First there is no 'one' cancer
There are cancers, subtypes of cancers, subsequent molecular variants and so on..
Therefore, there isn't a need for ONE cure, but a whole arsenal of options to be able to tackle them all. And many subtypes are just too nasty, they are a death sentence unfortunately.
There are endless teams led by principal investigators (PIs) who invest their entire careers reading loads of peer-reviewed scientific articles, formulating hypotheses, applying for research grants, hiring staff, conducting research, publishing their own peer-reviewed papers, presenting at conferences, forming international collaborations with other PIs to expand their output, and generally try their best to push the conversation forward in search of solution, potential molecular / therapeutic targets. There are then clinical trials, treatment protocols etc The fight against 'cancer(s)' is a concerted effort, moves slow due to the super complexity of the matter.
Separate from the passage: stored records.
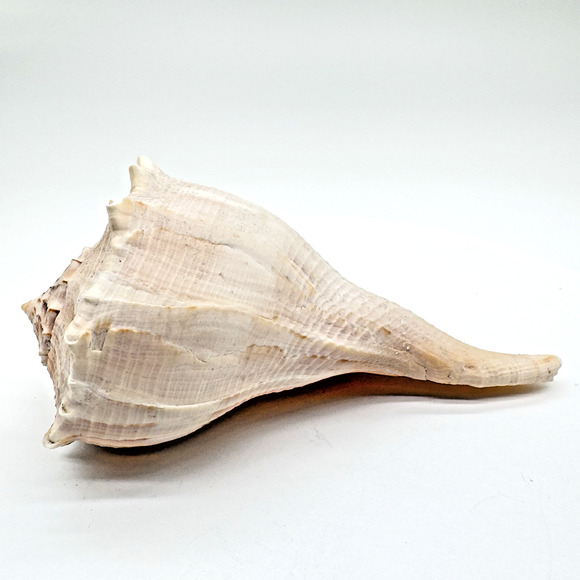 Vintage Lightning Whelk Conch Seashell Estate Collection Beach Decor Aquarium 6" - Picture 2 of 9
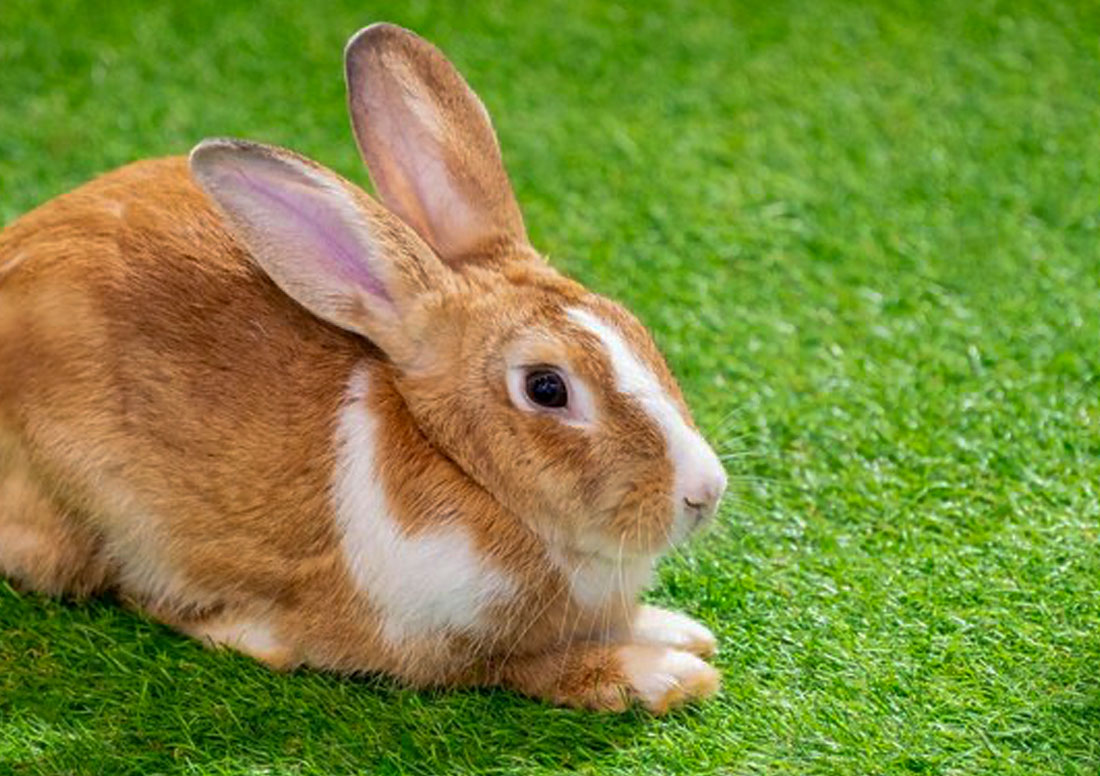 rabbit on artificial turf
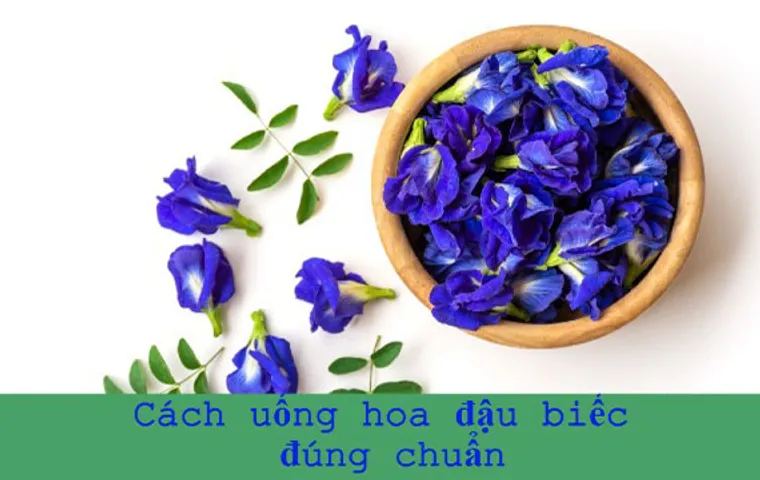 Cách uống hoa đậu biếc? Nên uống vào lúc nào là tốt?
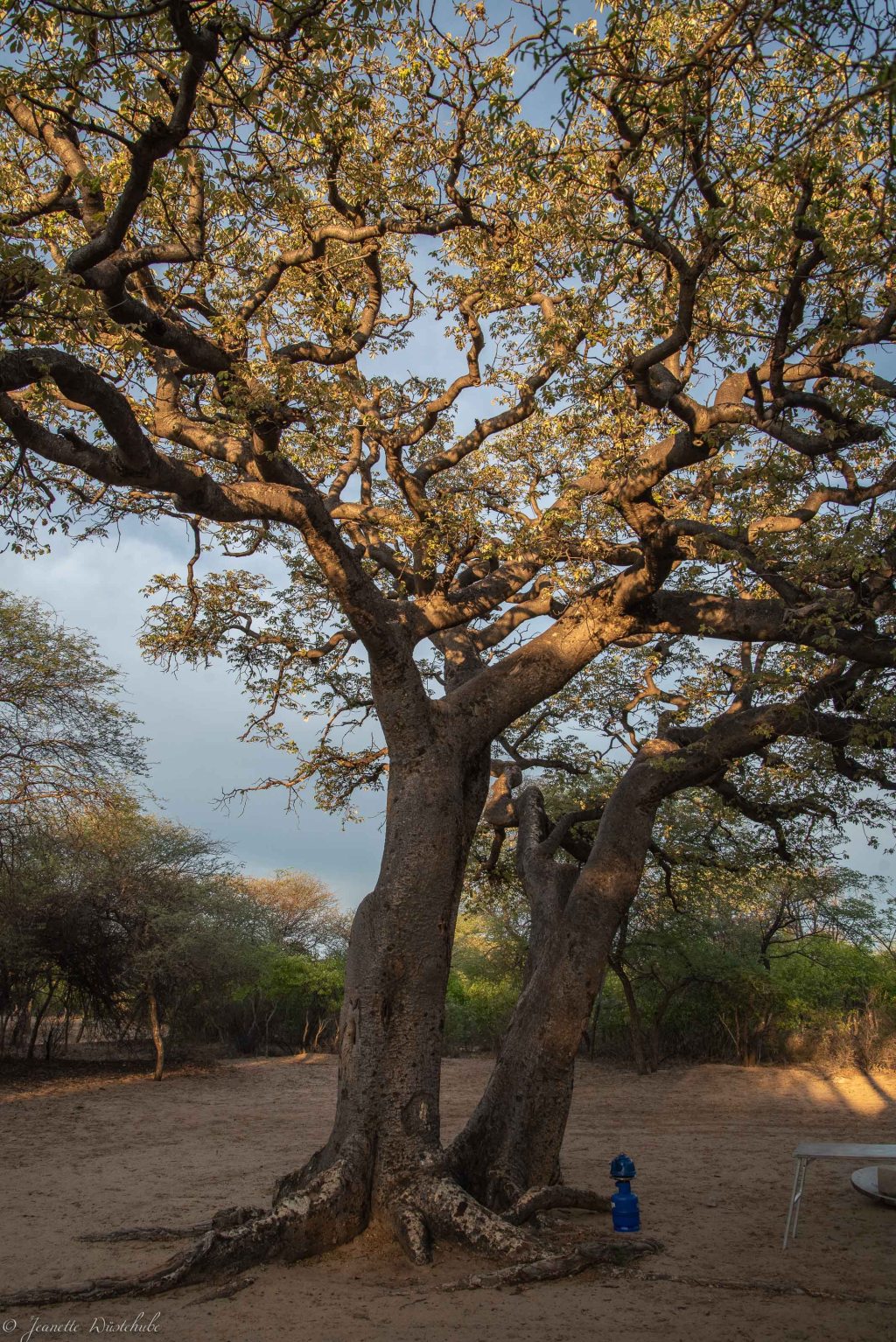 20181204_jwunbenannt_9427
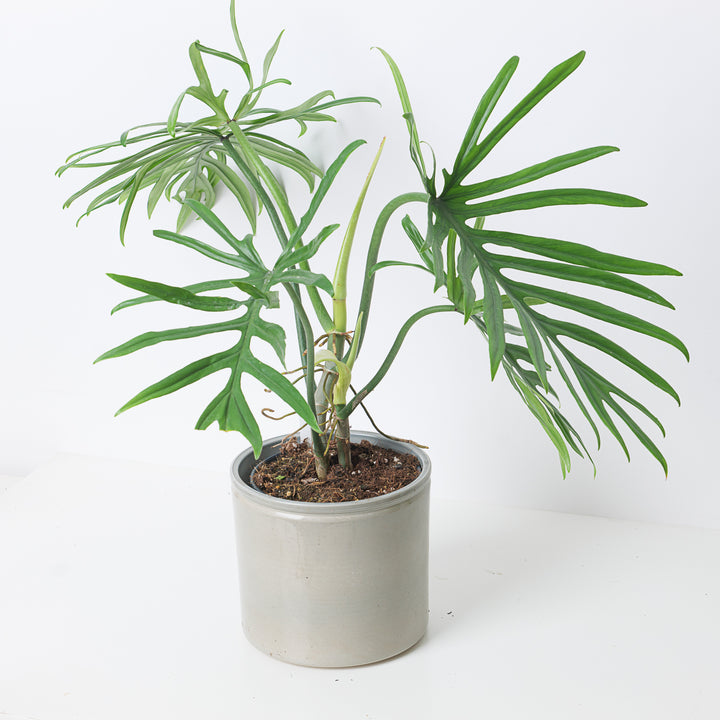 philodendron elegans etsy Philodendron elegans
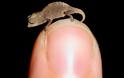 Το μικρότερο ερπετό του κόσμου ανακαλύφθηκε στη Μαδαγασκάρη!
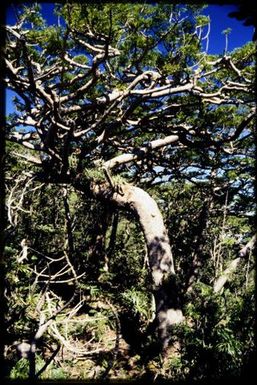 Kauri (Agathis), 1400 m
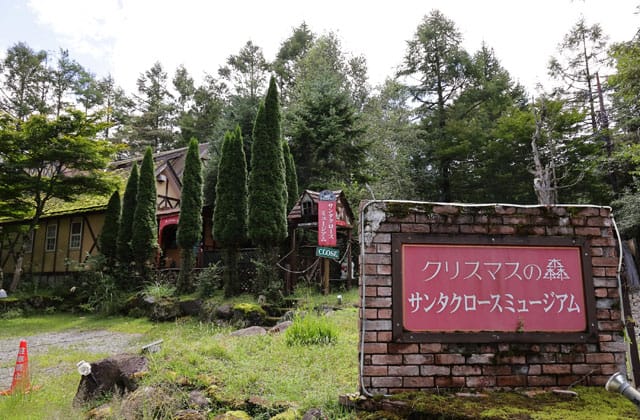 クリスマスの森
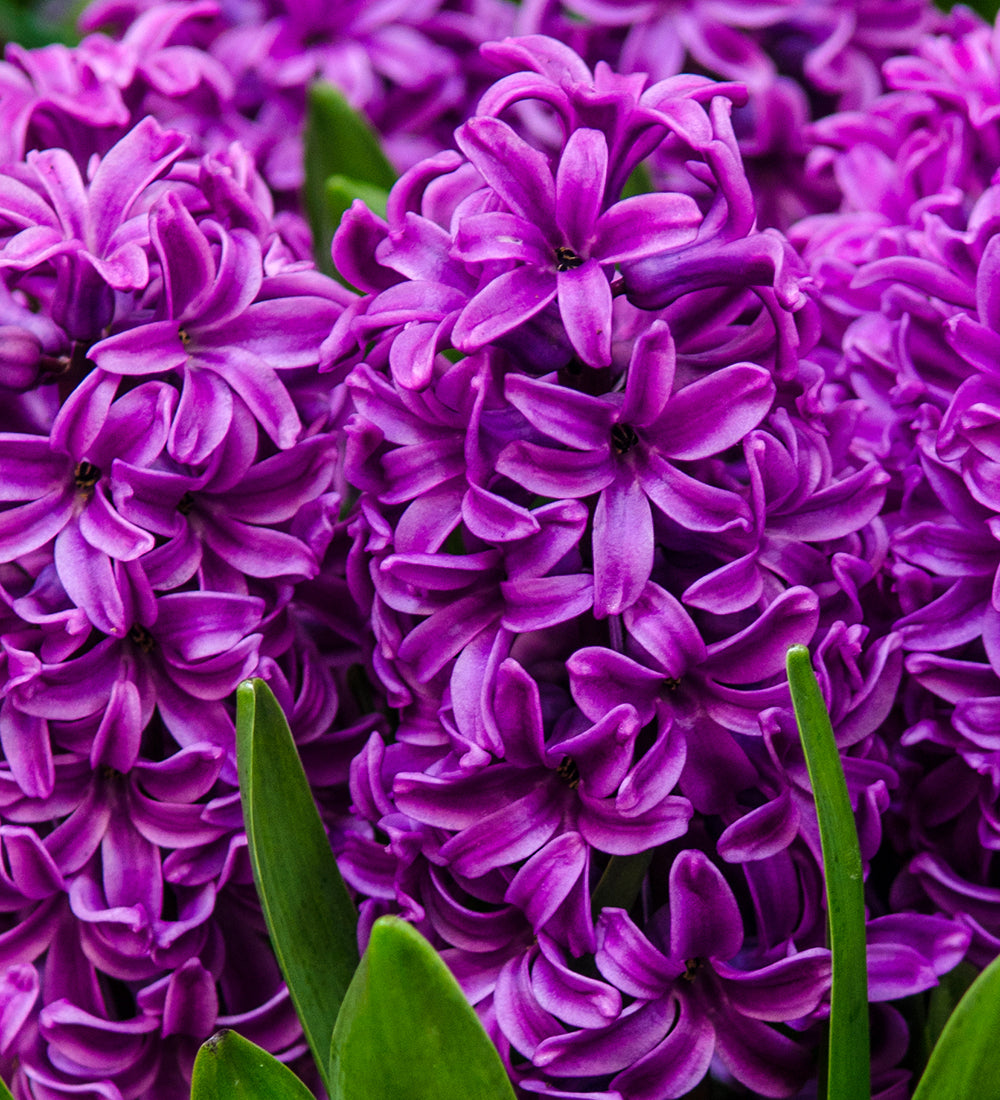 Hyacinthus orientalis 'Miss Saigon' for Forcing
There are novel drug discovery pipelines, some leveraging AI such as Isomorphic labs, that promise to accelerate treatment discovery. The next 20 years we might see things getting accelerated. But for beings who have been evolving biologically over a very very long time, millions of years, spending 30+ years for the discovery of a single cure of a certain subtype of cancer is seen as a short time. That might change soon, but the tasks is so ridiculously difficult we don't need silly conspiracy theories to make sense of it.